And given Kinshasa’s inability to control its territory, Rwanda would
have opened a Pandora’s Box.
This has
been Rwanda’s security dilemma the resolution of which has been to try
to mediate between the two. The problem of course is that the mediator
is not the decider. He/she only facilitates others to find a compromise.

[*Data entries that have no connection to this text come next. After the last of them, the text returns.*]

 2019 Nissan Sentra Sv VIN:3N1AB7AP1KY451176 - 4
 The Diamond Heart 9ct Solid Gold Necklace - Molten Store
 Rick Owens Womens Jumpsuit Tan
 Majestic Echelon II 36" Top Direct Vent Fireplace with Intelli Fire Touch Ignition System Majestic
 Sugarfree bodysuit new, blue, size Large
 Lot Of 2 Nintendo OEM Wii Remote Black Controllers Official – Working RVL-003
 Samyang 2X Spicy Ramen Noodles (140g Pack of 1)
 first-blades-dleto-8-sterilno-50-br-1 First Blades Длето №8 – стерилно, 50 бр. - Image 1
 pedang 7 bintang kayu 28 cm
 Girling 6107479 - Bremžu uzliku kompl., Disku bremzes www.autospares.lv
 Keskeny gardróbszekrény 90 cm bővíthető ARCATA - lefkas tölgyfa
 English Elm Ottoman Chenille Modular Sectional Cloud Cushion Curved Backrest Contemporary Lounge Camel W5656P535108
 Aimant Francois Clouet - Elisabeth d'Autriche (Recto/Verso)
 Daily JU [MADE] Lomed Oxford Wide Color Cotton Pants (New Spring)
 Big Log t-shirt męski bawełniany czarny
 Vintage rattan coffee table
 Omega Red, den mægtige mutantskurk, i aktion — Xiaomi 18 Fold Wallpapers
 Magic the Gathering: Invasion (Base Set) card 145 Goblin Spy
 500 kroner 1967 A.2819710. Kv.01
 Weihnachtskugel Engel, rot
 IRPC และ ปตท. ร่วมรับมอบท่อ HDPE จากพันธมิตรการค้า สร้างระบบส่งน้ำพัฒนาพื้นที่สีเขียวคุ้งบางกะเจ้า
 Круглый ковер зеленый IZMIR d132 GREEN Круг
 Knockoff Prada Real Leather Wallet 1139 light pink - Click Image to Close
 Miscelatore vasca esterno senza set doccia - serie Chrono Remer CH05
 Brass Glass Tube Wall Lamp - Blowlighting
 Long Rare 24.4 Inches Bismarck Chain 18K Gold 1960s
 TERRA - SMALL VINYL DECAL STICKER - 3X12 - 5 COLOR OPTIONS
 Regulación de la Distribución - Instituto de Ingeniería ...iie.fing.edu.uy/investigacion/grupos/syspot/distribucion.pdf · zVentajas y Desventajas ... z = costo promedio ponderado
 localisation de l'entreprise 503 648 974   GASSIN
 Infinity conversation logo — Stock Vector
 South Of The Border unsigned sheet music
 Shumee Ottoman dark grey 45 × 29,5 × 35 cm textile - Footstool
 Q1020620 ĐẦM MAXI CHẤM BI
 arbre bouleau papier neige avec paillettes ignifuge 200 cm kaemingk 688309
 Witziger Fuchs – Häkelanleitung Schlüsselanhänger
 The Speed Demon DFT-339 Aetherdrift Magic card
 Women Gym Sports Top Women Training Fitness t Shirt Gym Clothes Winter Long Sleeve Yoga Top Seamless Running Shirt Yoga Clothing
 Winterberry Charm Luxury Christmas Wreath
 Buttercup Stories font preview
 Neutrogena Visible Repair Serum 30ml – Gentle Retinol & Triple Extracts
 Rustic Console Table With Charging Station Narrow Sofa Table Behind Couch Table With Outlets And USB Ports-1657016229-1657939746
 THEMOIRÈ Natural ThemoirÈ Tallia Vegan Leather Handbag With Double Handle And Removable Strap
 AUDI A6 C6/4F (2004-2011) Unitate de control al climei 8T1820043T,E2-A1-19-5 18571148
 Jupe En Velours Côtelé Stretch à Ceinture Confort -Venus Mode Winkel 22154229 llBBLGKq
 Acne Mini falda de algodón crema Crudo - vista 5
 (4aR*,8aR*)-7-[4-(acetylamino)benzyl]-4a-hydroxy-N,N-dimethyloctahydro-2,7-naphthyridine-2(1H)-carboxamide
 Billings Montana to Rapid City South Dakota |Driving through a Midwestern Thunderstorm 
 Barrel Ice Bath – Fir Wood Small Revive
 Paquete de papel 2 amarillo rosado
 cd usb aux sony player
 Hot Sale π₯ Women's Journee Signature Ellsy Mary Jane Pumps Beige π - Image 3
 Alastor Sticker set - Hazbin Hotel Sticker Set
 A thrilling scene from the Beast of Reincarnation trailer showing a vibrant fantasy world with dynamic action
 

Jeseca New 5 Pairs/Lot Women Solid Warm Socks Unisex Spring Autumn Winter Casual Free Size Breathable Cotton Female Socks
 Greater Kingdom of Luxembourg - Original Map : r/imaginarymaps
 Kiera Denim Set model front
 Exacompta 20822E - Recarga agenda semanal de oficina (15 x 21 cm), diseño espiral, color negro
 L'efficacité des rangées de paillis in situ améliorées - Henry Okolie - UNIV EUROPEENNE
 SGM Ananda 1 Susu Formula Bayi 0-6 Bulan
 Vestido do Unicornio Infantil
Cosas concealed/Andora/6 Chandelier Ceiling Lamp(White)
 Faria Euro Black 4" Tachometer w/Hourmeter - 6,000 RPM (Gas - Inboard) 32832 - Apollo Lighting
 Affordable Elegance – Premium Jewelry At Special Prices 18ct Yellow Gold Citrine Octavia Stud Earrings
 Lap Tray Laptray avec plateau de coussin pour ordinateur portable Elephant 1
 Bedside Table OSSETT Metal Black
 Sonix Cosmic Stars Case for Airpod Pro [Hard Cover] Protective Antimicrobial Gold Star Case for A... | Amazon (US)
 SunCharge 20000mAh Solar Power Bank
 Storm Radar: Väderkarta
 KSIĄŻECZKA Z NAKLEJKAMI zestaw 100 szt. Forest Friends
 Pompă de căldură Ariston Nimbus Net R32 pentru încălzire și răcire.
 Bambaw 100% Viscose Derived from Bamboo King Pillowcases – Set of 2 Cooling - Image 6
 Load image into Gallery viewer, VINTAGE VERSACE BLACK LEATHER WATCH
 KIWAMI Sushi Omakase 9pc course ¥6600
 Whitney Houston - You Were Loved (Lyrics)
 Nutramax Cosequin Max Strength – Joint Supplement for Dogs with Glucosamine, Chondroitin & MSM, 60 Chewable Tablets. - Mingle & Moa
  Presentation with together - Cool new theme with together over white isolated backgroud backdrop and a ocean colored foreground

Yet belligerents in Congo have mutually reinforcing fears and
temptations. For example, M23 distrusts Kinshasa arguing that the last
time they allowed some of their group to be deployed in other parts of
Congo, they were all (49 of them) killed in cold blood – an accusation
Kinshasa accepts and has promised a commission of inquiry into. This
tempts M23 to be obstinate. On the other hand, President Joseph Kabila
perhaps suspects that M23 is the hidden hand of Kigali. This tempts him
to suspect Rwanda’s role as mediator and to appeal to the international
community.
Some in
the international press claim that Rwanda can easily neutralise M23 if
it chose to. Utter nonsense. There are many considerations Rwanda has to
make. One is the fear of turning M23 into yet another enemy. Another is
that given the weakness of the Congolese state, if you neutralise M23,
you create a security vacuum in that area. Kinshasa has little
capability to fill the void. That would therefore require a renewed
direct Rwandan occupation of that region. Even if Kabila agreed to such a
deal, politics in Kinshasa would not allow it to hold for long. This is
because regardless of the differences among the political elites in
Kinshasa, there is one thing that unites them: the humiliation of tiny
Rwanda (almost one 100th of Congo) occupying their country.
Rwanda is
caught in a Catch 22 situation. It cannot afford to support M23 yet it
cannot afford to have them destroyed. Secondly, and again contrary to a
lot of uninformed opinion, Rwanda does not control M23 although it has
leverage. It is almost in a similar situation the US found itself in
Iraq and Afghanistan. Although the US had militarily conquered these
countries and had its army occupying their territory, it needed to
legitimise its rule by working through local political elites. However,
the US learnt that it could at best influence but never control the
actions of its client regimes. Often, it was outmaneuvered and sometimes
even blackmailed to keep in power leaders like Nuri al-Maliki in Iraq
and Hamid Karzai in Afghanistan even though it was frustrated with their
violence and corruption.
Rwanda’s
situation with M23 is even worse. M23 are (or were) members of the
Congolese army. So they have weapons from its armories. They need
Rwanda’s support (or at least they don’t want Rwanda as their enemy); so
they have to keep friendly relations with Kigali. But they also seek
independence – so they hate being dictated to by Kigali. There are many
things Kigali can juggle but it cannot control the internal dynamics of
Congolese politics. Whenever it has held mediation talks between the two
sides, Kigali has been left confused at the relations among them.
In one
such meeting in Gisenyi on June 29, the commanders of M23 and the
delegation from Kinshasa talked into the wee hours of the morning – the
meeting ending at 2am. They quarreled, yelled across the table and
accused each other of all sorts of things. When the meeting ended, the
two sides drove in the same cars across the border to Goma where,
reports say, they spent the rest of the night binge drinking – emptying
an entire bar. Former CNDP leader, Bosco Ntangada, did not show up for
the meeting – telling the leaders of the delegation from Kinshasa that
there was a trap by Kigali to arrest him like they did to his
predecessor, Laurent Nkunda, in 2009.
The
problems of Congo are complex and the role of Rwanda has many
conflicting demands upon Kigali. The best way forward is to keep the
dialogue between the leaders and governments of both sides. The tragedy
has been to introduce into the equation the international community – a
host of remote, ill informed, often prejudiced and simplistic persons to
solve it. Both Kagame and Kabila take blame for allowing the situation
to get out of their hands into the hands of international actors
represented mostly through the UN, that institution that has
consistently inflicted grievous harm on those two countries since their
independence over half a century ago.